▸ **What the task asks**
Repeat, word for word, every line from the line holding "T-shirt crop futura blanc fille - Nike" through the final line of the entries below. Skip all pictures.

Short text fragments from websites
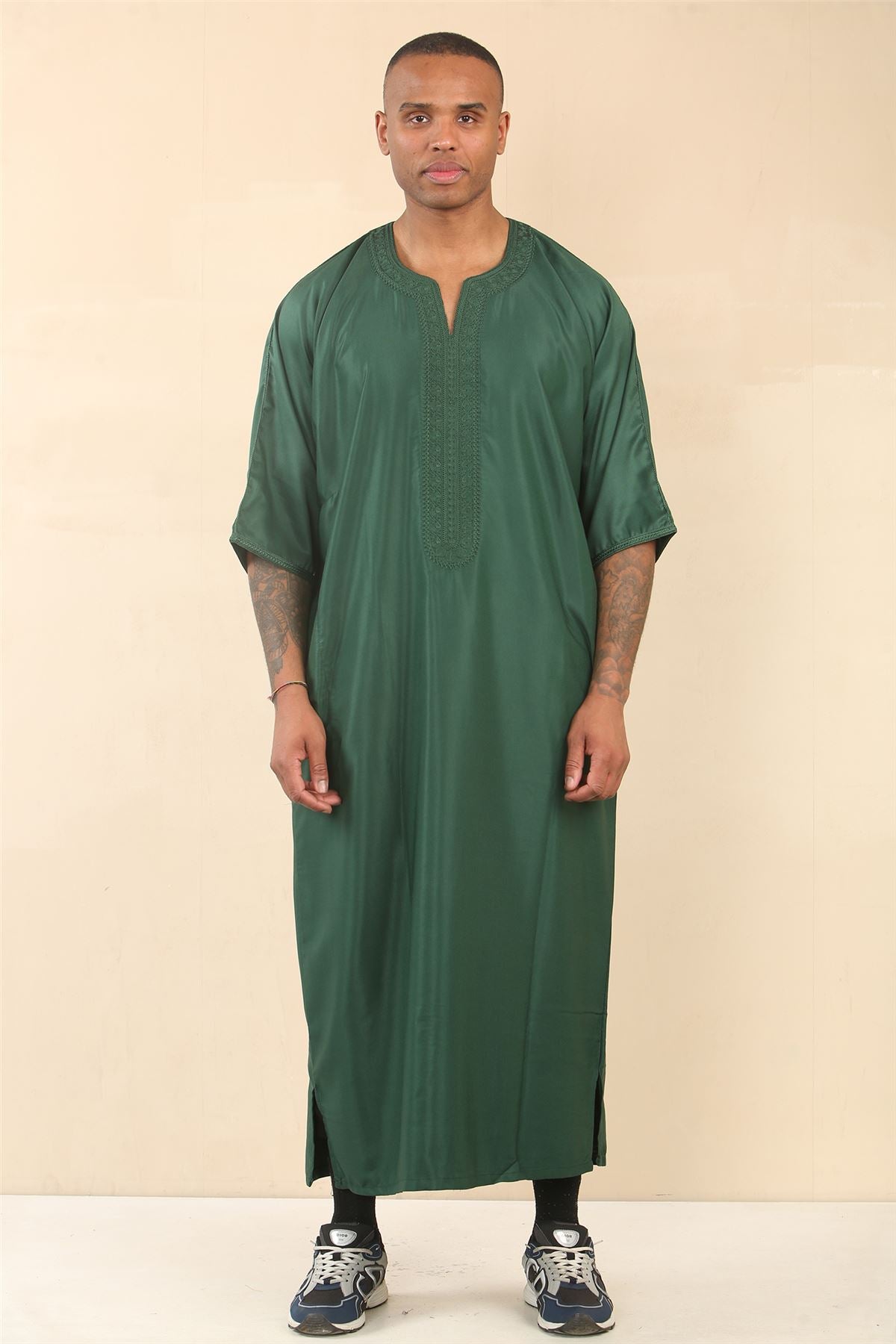 Upper Class Robe Men's Moroccan Thobe Djellaba Jubba Robe Eid – Upperclass Fashions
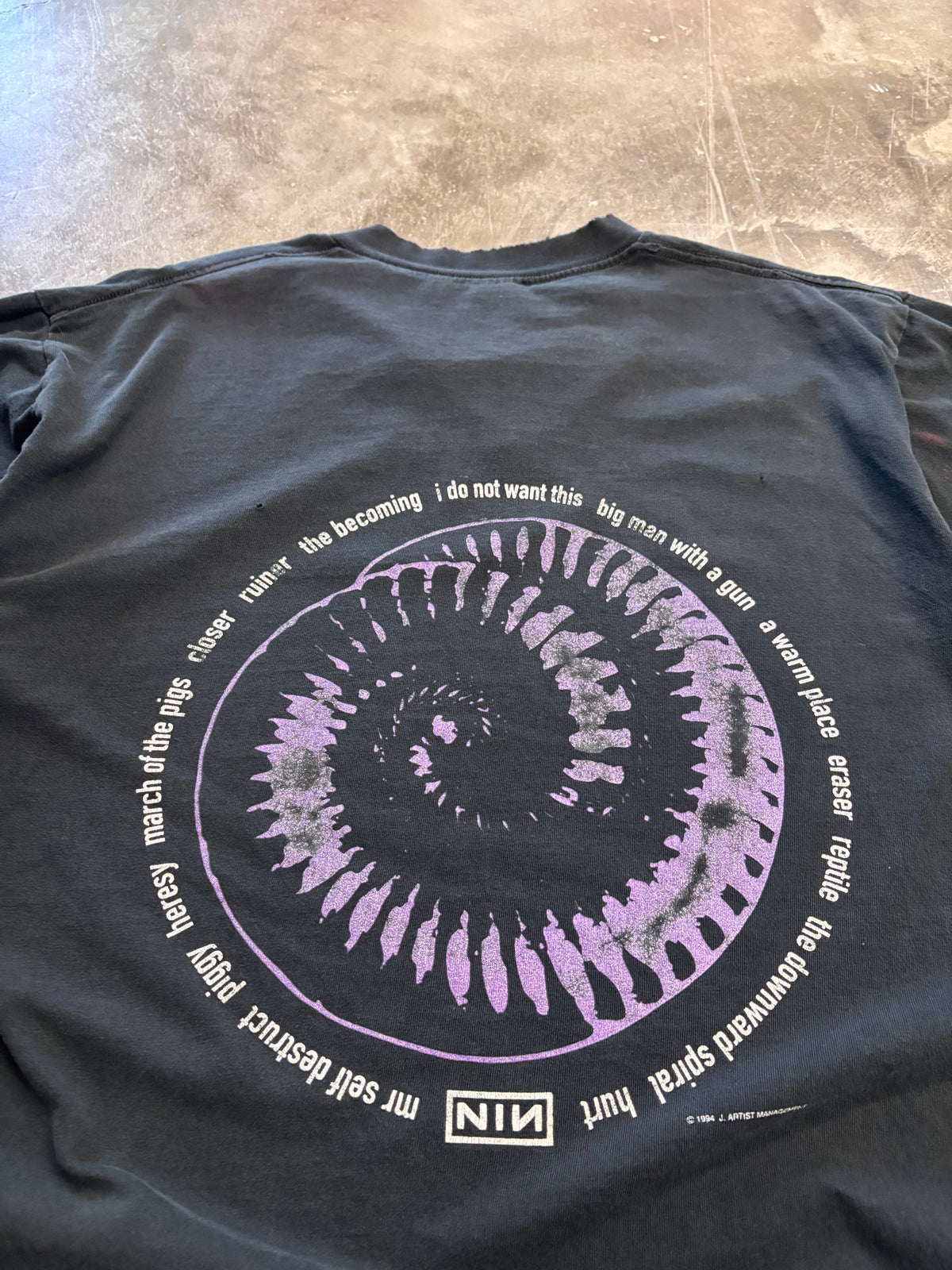 Vintage Nine inch nails shirt size xl
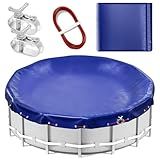 18FT Round Pool Cover for Above Ground Pools, Ultra Thick and Durable Above Ground Pool Cover, Premium Cold and UV Resistant 18 FT Winter Pool Cover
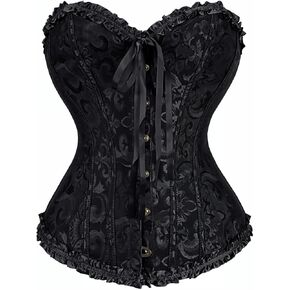Women's Vintage Lace Up Corset Top - Sexy Steampunk Gothic Bustier, Renaissance Cosplay Costume for Halloween Party in Saudi Arabia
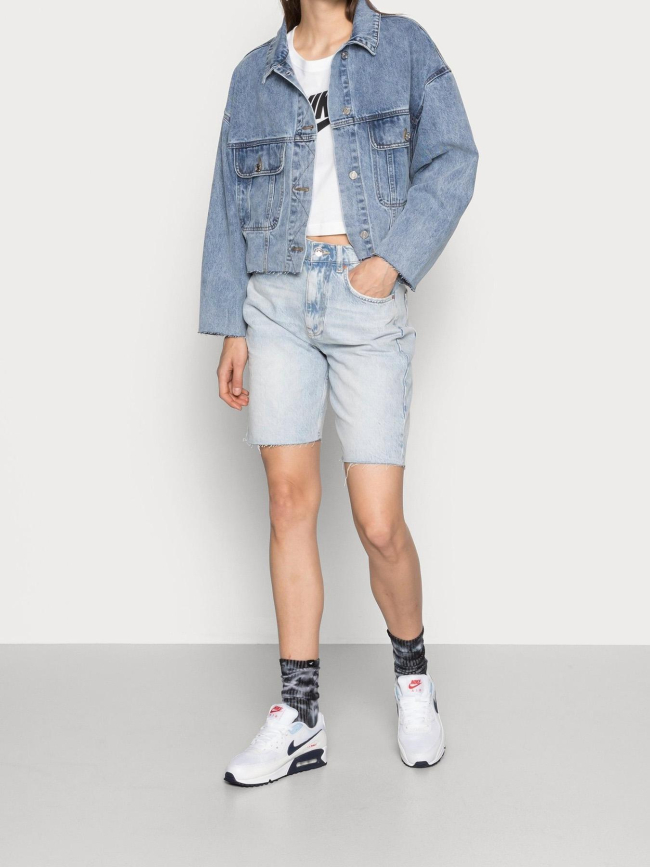 T-shirt crop futura blanc fille - Nike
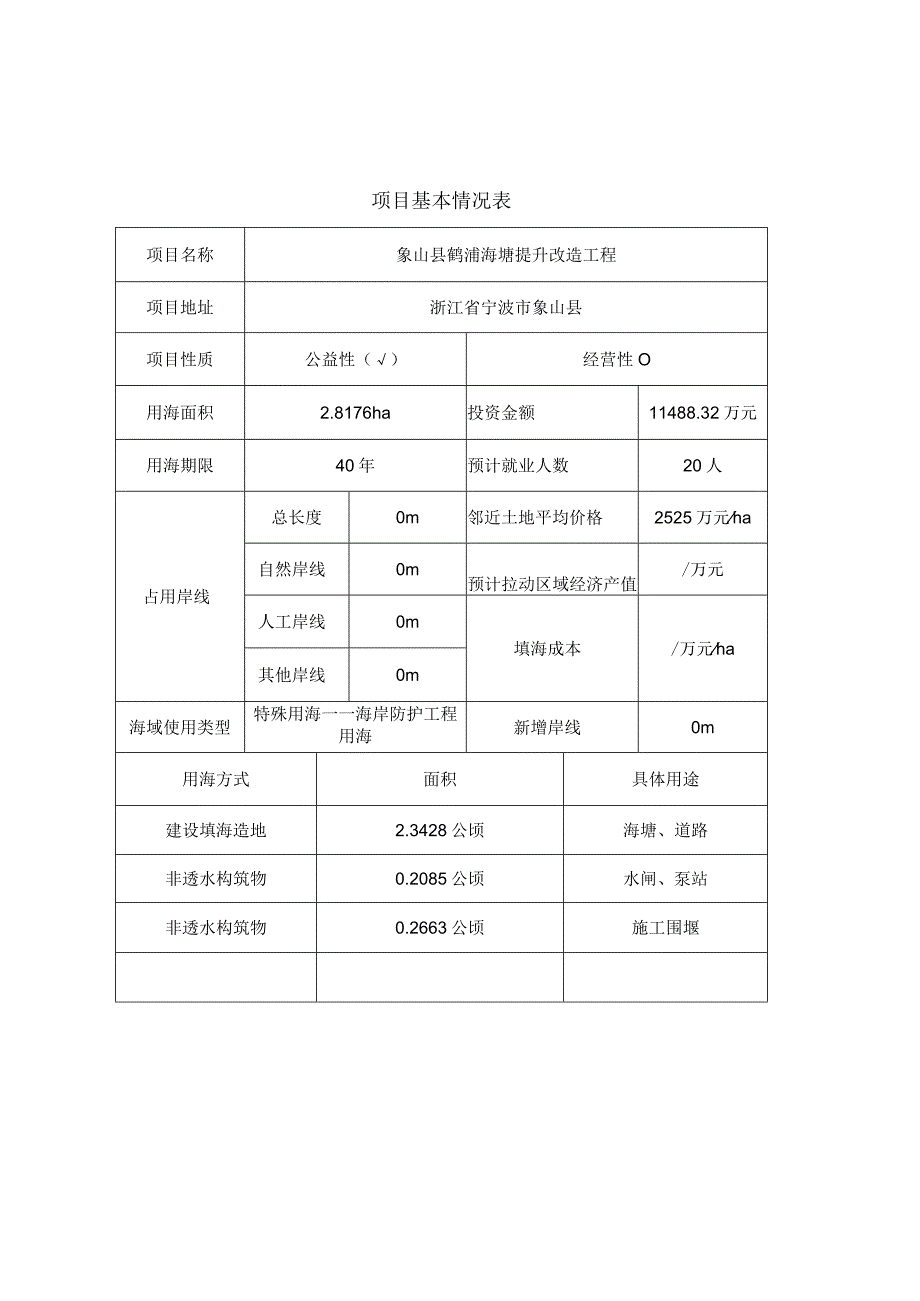 象山县鹤浦海塘提升改造工程海域使用论证报告书.docx_第2页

▸ **Response below**
 T-shirt crop futura blanc fille - Nike
 象山县鹤浦海塘提升改造工程海域使用论证报告书.docx_第2页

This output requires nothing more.